The UK Government has vowed to clamp down on the soaring trade in illegal wildlife products such as rhino horn and elephant ivory, pledging £10m to fight a crime offering “low risk and high rewards”.
Illicit trade in wildlife has exploded into a $19bn (£11.6bn) global criminal enterprise, driven by newly-rich Asian consumers who aspire to a luxury lifestyle through status symbols such as ivory goods, as well as exotic pets, such as monkeys, and meats, such as anteater.
The vacuum of demand has been filled by organised criminals who can make a fortune with relatively little risk of conviction and who are threatening government stability and national security in some of the worst-hit areas in Africa, pressure groups say.
A combination of high prices, weak laws, poor enforcement and relatively short sentences, has made poaching far more attractive to criminals, they say.

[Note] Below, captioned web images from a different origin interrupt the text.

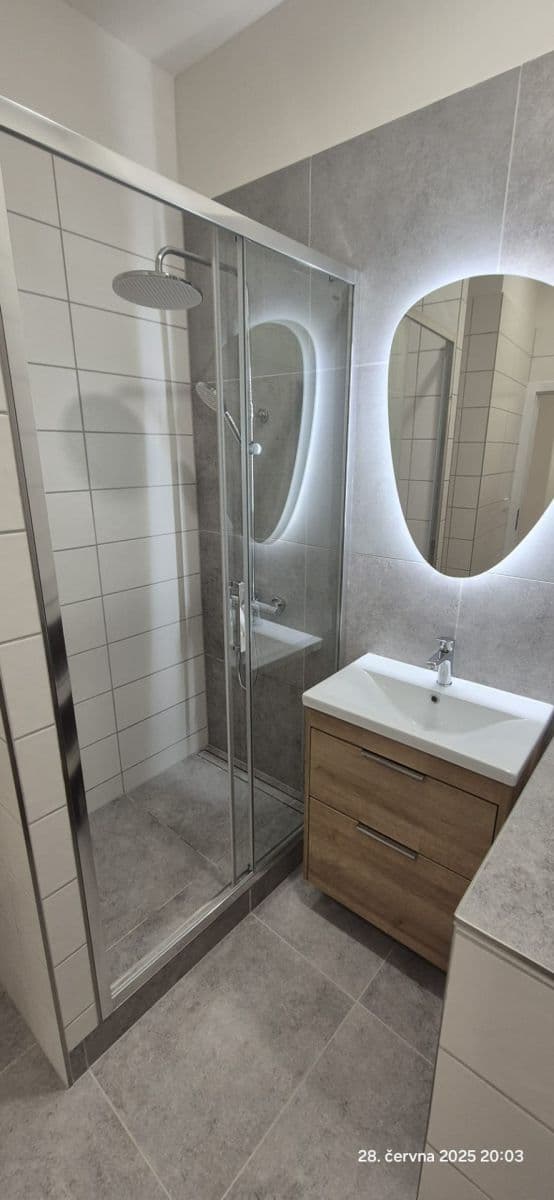 Prodej bytu 2+kk 55 m², Šlikova, Praha, Praha Prodej bytu 2+kk 55 m², Šlikova, Praha, Praha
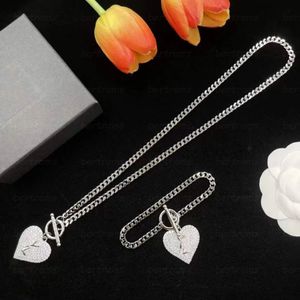 Дизайнер для женщин для женщин для женщин подвесные ожерелья роскошные серебряные бриллианты Ювелирные украшения наборы букв Цепочки браслеты.
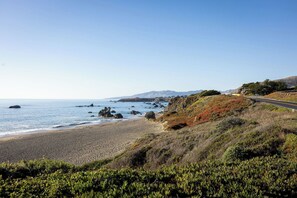 Sun loungers, beach towels - Relaxing Home Close to Beach (Bodega Bay)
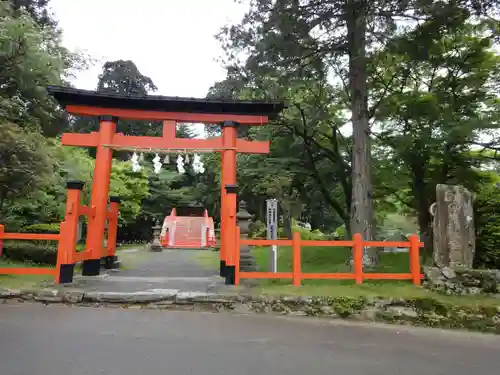 丹生都比売神社の鳥居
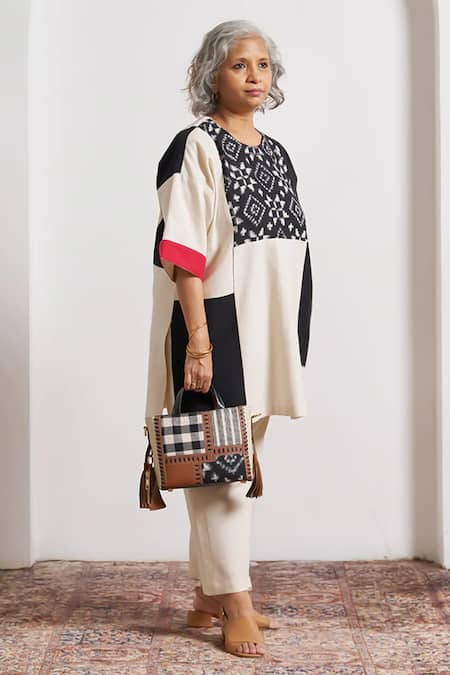 Vaaya_Off White Handloom Cotton Round Neck Mono Ikat Top _at_Aza_Fashions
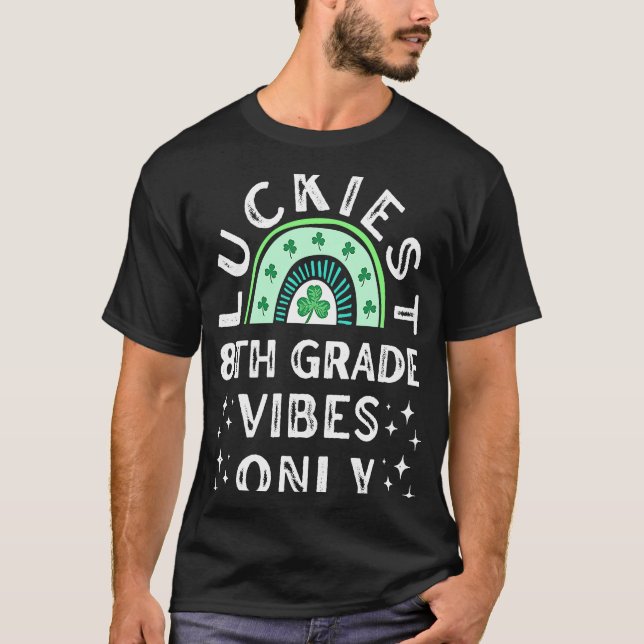 Camiseta Colégio Luckiest do 8º ano Vibes St Patricks (Frente)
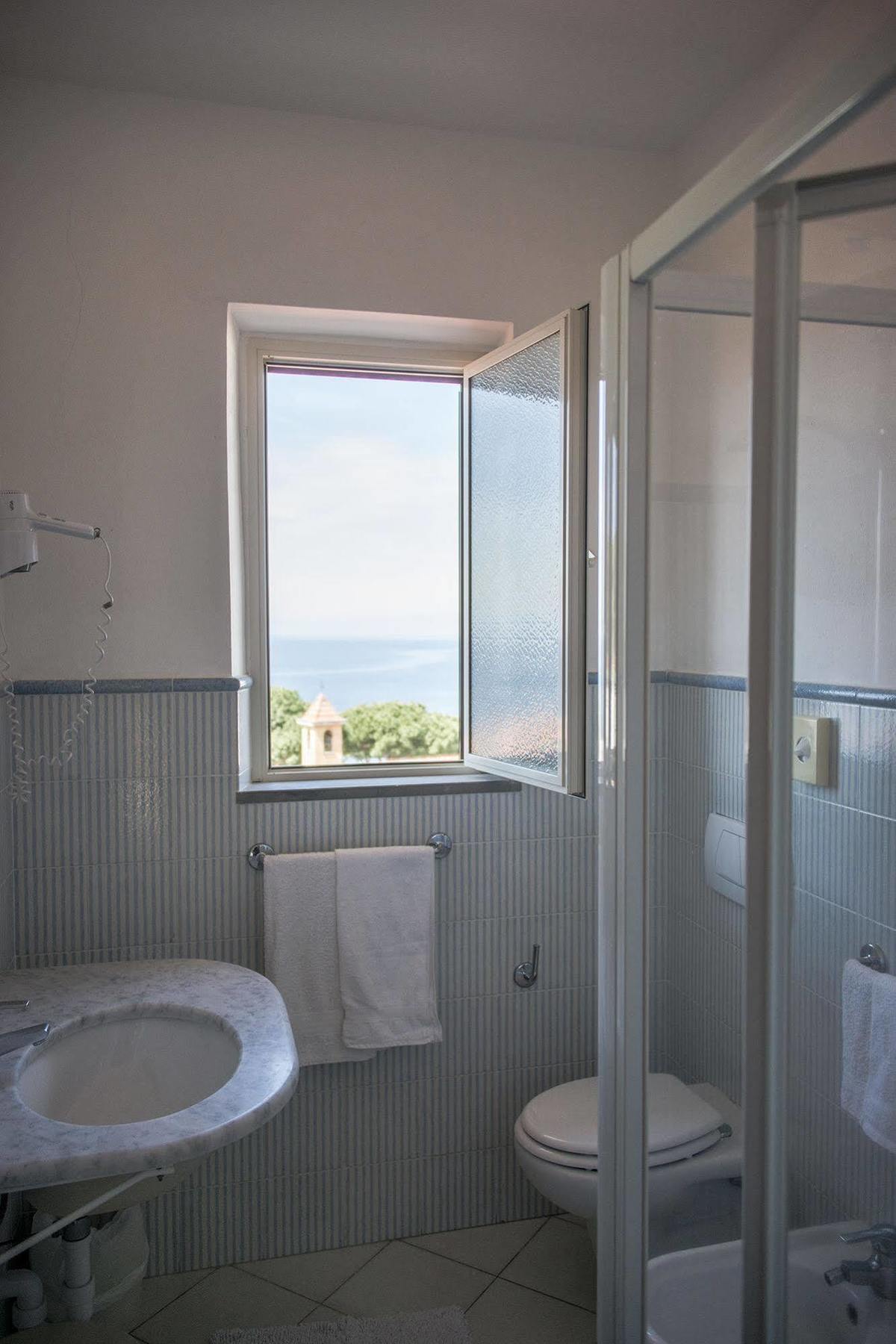 Chiessi Hotel Il Perseo מראה חיצוני תמונה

The Government clampdown will see the Department for International Development (DFID) and the Department for Environment, Food and Rural Affairs (Defra) join forces for the first time.

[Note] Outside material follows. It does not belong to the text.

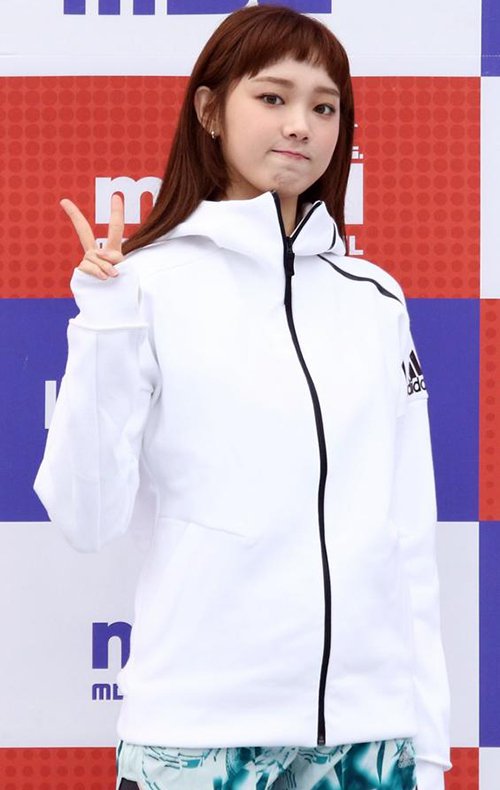 Mốt tóc "chó gặm" đang khiến sao Hàn phát cuồng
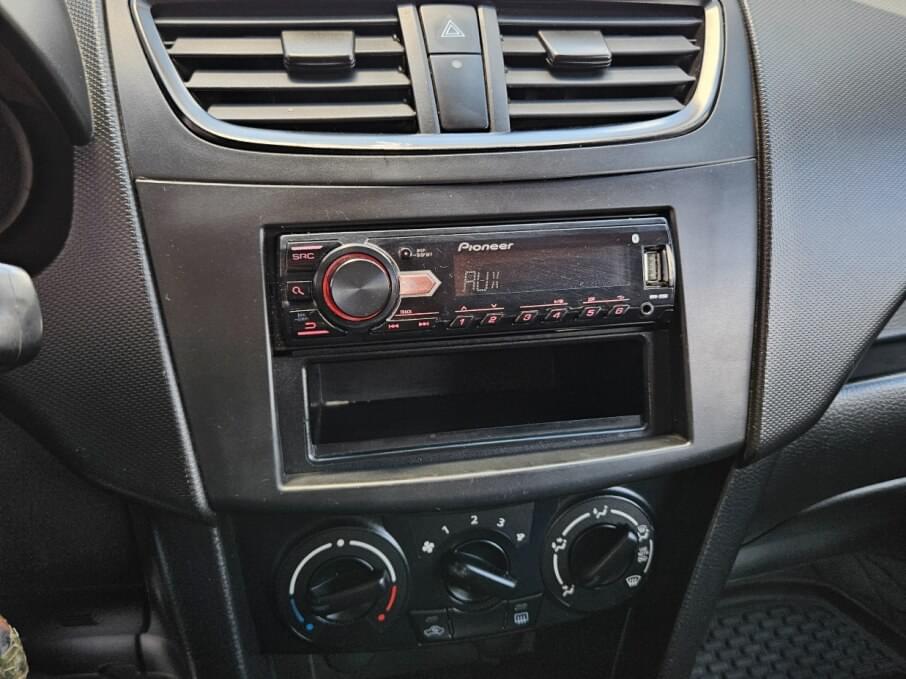 SUZUKI SWIFT 2017 85.000 Kms.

Owen Paterson, the Environment Secretary, said: “Poaching devastates livelihoods and sustainable communities as well as endangering the existence of these wonderful animals. We must work together with other countries to stamp it out by stopping demand, improving enforcement and by helping communities develop sustainable economic activity.”
International Development Secretary Justine Greening said: “By working with Defra to tackle the illegal wildlife trade we are helping to improve the economic opportunities of the poorest people whose livelihoods depend on natural resources. This fund will also help stop corruption fuelled by the illegal trade.”
Funding will be awarded to support action in developing countries that reduces the “opportunity and incentive” to poach. It will also be used to provide training and equipment to help law enforcement. Some of the budget will fund a campaign to raise awareness of the impact of wildlife crime, which the World Wide Fund for Nature says appears to fund terrorist cells in unstable African countries, with the criminals often using the same networks as other illegal trades, such as drug trafficking.
The £10m fund is being made available as David Cameron prepares to host in London the highest-level global summit to date on combating illegal wildlife trade. The summit in February aims to produce an unprecedented political commitment and an action plan.